**Requirement**
Starting at the line below that contains "Hello, I'm Renaud" and ending at the line that contains "Hello, and welcome", retype each line exactly as it stands, but omit the pictures.

**Data for analysis**
==========
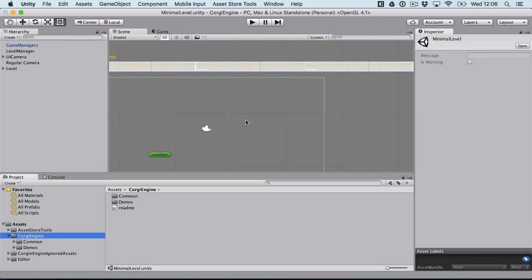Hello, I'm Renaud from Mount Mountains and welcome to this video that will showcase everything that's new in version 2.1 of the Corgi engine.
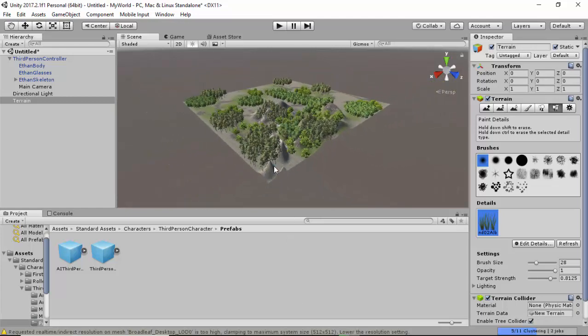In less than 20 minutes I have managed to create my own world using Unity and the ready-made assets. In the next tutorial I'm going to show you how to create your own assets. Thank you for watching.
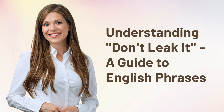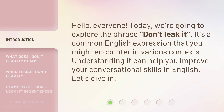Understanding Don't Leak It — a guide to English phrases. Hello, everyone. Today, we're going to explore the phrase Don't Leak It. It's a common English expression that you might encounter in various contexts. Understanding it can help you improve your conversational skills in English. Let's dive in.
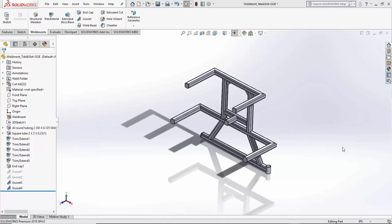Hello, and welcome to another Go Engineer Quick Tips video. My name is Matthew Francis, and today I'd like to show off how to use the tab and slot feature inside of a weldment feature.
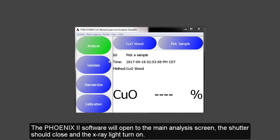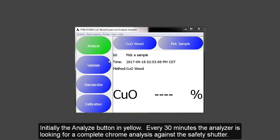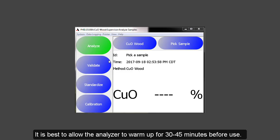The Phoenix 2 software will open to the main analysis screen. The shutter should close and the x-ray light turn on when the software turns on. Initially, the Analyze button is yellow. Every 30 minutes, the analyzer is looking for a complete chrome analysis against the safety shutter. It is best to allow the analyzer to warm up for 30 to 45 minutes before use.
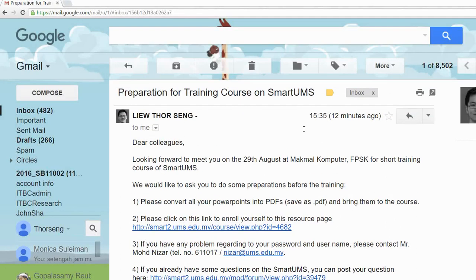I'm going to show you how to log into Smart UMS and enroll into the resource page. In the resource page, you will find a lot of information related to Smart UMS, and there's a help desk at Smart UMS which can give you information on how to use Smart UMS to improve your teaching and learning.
==========
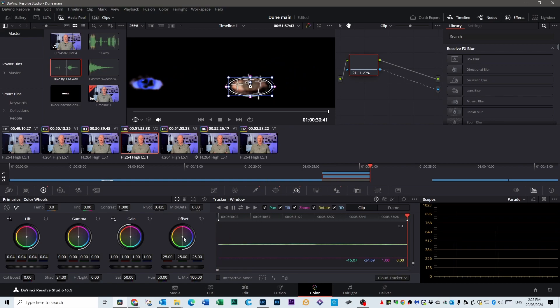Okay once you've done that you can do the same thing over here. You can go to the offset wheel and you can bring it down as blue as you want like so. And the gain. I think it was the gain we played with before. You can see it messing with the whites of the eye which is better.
==========
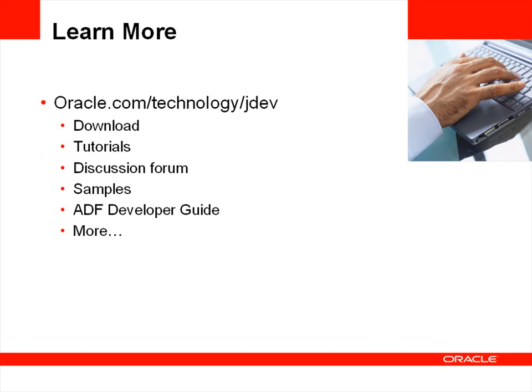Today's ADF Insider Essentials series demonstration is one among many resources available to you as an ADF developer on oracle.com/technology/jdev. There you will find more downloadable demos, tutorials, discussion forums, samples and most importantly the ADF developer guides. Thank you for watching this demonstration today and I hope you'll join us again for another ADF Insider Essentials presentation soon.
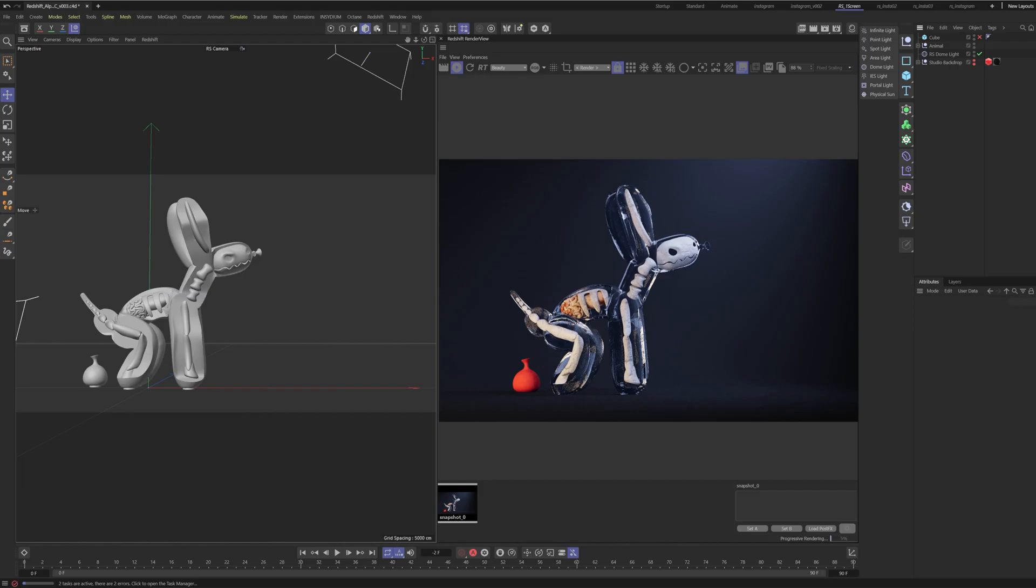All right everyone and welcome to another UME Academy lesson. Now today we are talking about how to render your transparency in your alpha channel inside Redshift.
==========
**Problem solution**
Hello, I'm Renaud from Mount Mountains and welcome to this video that will showcase everything that's new in version 2.1 of the Corgi engine.
In less than 20 minutes I have managed to create my own world using Unity and the ready-made assets. In the next tutorial I'm going to show you how to create your own assets. Thank you for watching.
Understanding Don't Leak It — a guide to English phrases. Hello, everyone. Today, we're going to explore the phrase Don't Leak It. It's a common English expression that you might encounter in various contexts. Understanding it can help you improve your conversational skills in English. Let's dive in.
Hello, and welcome to another Go Engineer Quick Tips video. My name is Matthew Francis, and today I'd like to show off how to use the tab and slot feature inside of a weldment feature.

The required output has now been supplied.